Orthodox Christians occasionally have to do with Catholics on a church-humanitarian basis. But here too a genuine approach does not take place, because Orthodox Christians are afraid of the Catholic competition: Admittedly the Catholic humanitarian help in Russia was a good thing, but sometimes it had gone beyond the context of the Catholic Church, and there had also been some cases of proselytizing. Beside the good reconstruction work not everything after the end of the Soviet Union had of course been done correctly by the Catholic side. But the crucial point was: Catholic errors were blown up by the Orthodox side, in order to confirm prejudices and to get new reproaches for pulling Catholics to pieces.

It would be best of course if it came to contacts between priests of both denominations. But these are unwanted on the part of the conservative bishops; they put pressure on the priests just as the usually absolutely anti-ecumenical minded parishes do. Parishioners, so an Orthodox priest writes expressly, keep a watchful eye on clergymen. Any step that to their mind is false, for instance a step toward a Catholic priest, is held against them.

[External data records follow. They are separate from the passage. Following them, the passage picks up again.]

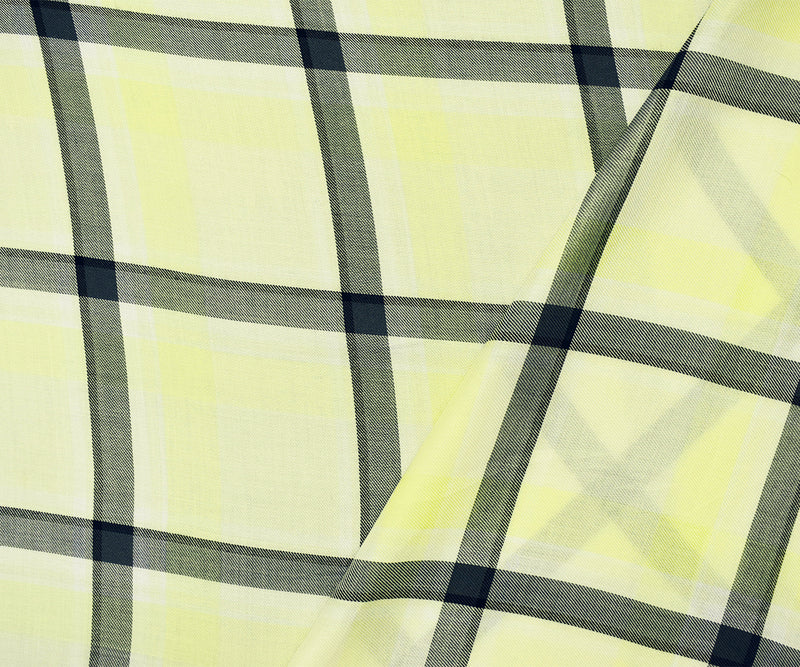 White-Yellow-Black Rayon Famous Maker Plaid Twill Woven Fabric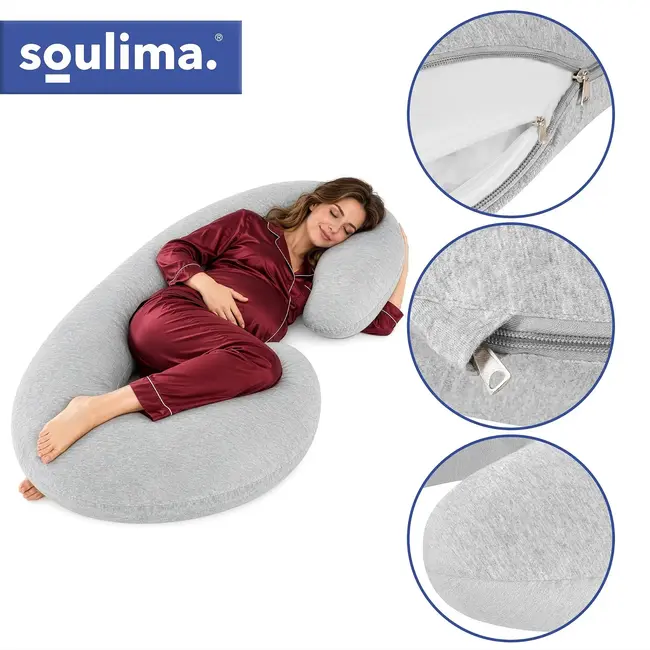 Soulima XXL zwangerschapskussen C-vorm 140 x 70 x 20 cm - Katoenen hoes en verstelbare vulling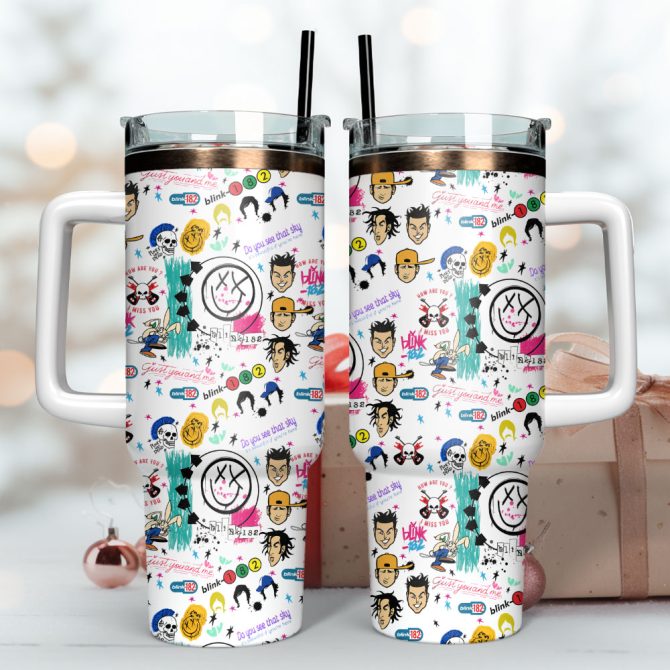 Blink 182 Music Custom Stanley Quencher 40Oz Stainless Steel Tumbler With Handle - Image 3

That is why the Orthodox priests need great personal courage, if they want to talk with a Catholic colleague. An exception of this rule are the few "liberal" parishes, as for instance that at the church "Kosmas and Damian" in Moscow with the priests Georgij Tschistjakow and Alexander Borisow. Here is also an ecumenically orientated bookshop.

The Russian Orthodox hierarchy forms in its predominant part a nomenclature, which does not want to divide power and influence with anybody - above all not with the Catholic Church, therefore it does not really wish an approach. Only a small part of the episcopacy is benevolently disposed towards the Catholic Church. An absolutely necessary condition for the work at the basis is the inter-denominational discussion among priests. Why not: A visit of the Pope in Russia would certainly weaken the anti-Catholic opinion in the country, would spread concrete knowledge about the Catholic Church, and overcome the handed down nonsensical ideas - an Orthodox priest writes.

 

    {*} Dr. phil. Gerd Stricker (born in 1941), editor-in-chief of the magazine "G2W/Faith in the Second World". Areas of work: Christian churches in the former Soviet Union; State and church in Russia; the Russian-Germans and their church structure. Numerous publications about these topics.